Les Ivoiriens dès 35 ans ont tous un mal commun, c’est le mal de dos. Pour une raison simple: il sont bureaucrates.

Pendant longtemps, sous Félix Houphouët-Boigny qui à raison voulaient construire son administration, les Ivoiriens se sont faits tous bureaucrates. Ils ont délaissé l’entreprenariat, le commerce, la finance aux étrangers.

En plus d’avoir des inconvénients comme le manque de responsabilité personnelle, dans un environnement bureaucratique, où la responsabilité individuelle peut être diluée au sein de la hiérarchie.
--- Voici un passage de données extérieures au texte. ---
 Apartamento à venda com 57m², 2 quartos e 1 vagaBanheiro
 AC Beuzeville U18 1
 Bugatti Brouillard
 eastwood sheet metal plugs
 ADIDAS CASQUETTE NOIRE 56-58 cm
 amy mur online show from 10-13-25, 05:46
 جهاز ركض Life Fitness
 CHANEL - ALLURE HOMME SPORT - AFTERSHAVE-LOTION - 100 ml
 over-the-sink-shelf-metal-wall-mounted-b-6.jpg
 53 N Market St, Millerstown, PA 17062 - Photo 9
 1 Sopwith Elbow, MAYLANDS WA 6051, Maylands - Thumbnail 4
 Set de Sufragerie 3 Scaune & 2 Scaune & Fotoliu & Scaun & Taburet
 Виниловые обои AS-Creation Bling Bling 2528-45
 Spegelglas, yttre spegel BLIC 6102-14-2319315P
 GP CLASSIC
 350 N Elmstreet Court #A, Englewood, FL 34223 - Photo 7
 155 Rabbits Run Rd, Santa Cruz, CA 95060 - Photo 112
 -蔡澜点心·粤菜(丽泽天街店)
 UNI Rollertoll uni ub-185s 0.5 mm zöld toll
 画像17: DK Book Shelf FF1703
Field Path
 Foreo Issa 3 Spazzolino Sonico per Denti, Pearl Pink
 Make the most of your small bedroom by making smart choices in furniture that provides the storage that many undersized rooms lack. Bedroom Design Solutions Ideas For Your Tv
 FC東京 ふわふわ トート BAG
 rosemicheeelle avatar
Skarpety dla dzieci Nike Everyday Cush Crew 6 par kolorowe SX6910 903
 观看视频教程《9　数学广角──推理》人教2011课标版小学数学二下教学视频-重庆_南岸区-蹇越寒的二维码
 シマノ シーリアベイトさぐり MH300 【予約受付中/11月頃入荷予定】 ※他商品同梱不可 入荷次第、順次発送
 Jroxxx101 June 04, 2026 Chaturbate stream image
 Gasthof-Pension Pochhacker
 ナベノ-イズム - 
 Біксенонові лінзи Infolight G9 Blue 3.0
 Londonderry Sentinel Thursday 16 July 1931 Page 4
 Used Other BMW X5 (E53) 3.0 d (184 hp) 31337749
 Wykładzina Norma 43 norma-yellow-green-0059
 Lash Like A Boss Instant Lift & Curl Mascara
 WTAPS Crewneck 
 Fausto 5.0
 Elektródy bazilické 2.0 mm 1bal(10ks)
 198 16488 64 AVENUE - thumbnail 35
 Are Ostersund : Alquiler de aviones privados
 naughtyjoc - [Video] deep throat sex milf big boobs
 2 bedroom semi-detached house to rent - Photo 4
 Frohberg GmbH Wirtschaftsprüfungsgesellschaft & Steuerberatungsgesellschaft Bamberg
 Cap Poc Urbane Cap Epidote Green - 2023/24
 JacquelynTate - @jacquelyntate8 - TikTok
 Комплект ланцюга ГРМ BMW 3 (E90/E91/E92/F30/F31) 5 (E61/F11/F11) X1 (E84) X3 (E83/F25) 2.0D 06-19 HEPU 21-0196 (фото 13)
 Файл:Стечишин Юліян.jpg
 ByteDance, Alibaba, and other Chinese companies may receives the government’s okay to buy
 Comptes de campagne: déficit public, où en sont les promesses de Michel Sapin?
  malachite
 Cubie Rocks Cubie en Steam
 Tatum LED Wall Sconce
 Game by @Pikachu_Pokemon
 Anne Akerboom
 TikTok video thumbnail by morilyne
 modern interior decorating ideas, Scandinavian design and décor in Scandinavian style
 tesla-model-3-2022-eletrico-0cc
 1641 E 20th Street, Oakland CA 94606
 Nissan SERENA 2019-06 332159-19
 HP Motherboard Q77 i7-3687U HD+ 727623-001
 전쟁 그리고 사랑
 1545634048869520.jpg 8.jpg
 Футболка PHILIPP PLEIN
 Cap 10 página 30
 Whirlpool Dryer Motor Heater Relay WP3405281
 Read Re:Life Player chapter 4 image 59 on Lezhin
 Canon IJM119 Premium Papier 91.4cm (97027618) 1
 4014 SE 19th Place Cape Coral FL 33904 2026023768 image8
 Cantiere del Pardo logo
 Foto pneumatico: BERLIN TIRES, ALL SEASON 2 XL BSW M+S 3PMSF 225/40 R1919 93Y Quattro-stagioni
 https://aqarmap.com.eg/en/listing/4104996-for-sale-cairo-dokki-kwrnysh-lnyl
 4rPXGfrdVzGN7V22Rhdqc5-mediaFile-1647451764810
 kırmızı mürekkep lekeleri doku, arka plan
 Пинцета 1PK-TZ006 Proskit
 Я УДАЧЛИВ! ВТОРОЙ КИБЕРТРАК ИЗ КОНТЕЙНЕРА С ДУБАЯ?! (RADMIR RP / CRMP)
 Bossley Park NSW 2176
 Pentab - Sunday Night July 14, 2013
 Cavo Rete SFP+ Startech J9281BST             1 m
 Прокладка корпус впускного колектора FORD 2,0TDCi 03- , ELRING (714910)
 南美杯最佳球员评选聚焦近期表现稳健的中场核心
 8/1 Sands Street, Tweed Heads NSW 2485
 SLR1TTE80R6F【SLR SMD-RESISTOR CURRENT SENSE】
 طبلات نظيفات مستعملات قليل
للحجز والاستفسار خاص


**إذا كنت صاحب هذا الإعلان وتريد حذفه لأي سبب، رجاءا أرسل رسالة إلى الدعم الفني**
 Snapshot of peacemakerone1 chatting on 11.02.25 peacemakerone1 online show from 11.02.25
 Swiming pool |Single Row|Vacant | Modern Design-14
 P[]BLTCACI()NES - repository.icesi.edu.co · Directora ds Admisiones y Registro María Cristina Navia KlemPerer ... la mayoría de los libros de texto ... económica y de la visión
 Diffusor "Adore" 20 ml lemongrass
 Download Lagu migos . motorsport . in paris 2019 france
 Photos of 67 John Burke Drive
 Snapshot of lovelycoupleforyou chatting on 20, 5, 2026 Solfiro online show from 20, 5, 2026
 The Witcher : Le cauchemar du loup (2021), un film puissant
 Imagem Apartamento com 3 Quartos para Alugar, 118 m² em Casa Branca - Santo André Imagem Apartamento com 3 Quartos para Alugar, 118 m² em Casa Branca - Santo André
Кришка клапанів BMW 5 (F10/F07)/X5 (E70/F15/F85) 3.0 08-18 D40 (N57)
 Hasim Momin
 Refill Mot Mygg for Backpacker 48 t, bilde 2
Les décisions peuvent être prises collectivement, ce qui peut parfois diluer la responsabilité personnelle.

En plus de la perte d’efficacité car malgré l’objectif de créer une structure organisée, les bureaucraties peuvent parfois devenir trop complexes, entraînant une perte d’efficacité. Les processus peuvent devenir bureaucratiques au détriment de la réalisation des objectifs.

En plus de la résistance au changement quand les structures bureaucratiques résistent au changement, car les processus établis peuvent être difficiles à modifier. Cela peut entraver l’innovation et la créativité au sein de l’organisation étatique.

En plus de tous ces aspects, s’ajoutent un problème médical. Les Ivoiriens (professeurs, journaliste, secrétaires, juristes, pharmaciens, médecins…) restent assis à longueur de journée dans les bureaux et rencontrent des problèmes de disque intervertébral. Les disques intervertébraux agissent comme des amortisseurs entre les vertèbres de la colonne vertébrale. Un disque hernié, une rupture ou une saillie peut exercer une pression sur les nerfs, provoquant ainsi des douleurs.

A cela s’ajoutent, aux dires des médecins et professeurs de médecine en charge de la santé publique, certaines formes d’arthrite, comme l’arthrose ou la spondylarthrite ankylosante, qui affectent les articulations de la colonne vertébrale et causer des douleurs dorsales.

Ou encore des problèmes structuraux comme les anomalies structurales de la colonne vertébrale, telles que la scoliose (courbure latérale de la colonne vertébrale) ou la cyphose qui entraînent des douleurs dorsales. Si elles durent jusqu’à un mois, elle est considérée comme une douleur aiguë. De un à trois mois, ce serait une douleur subaiguë. Et avec plus de trois mois, ce serait une douleur chronique.

Une personne qui présente la lombalgie par exemple peut perdre la capacité de faire certaines tâches qui demandent surtout de s’incliner ou n’est plus capable de se tenir dans certaines positions.
Si elle n’est pas traitée, la lombalgie peut être handicapante et le patient pourra finir en chaise roulante.

Résultat sur 10 malades enregistrés dans les établissements sanitaires publics, 6 ou 7 souffrent en plus de ce qui les amènent en consultation, de problèmes de dos.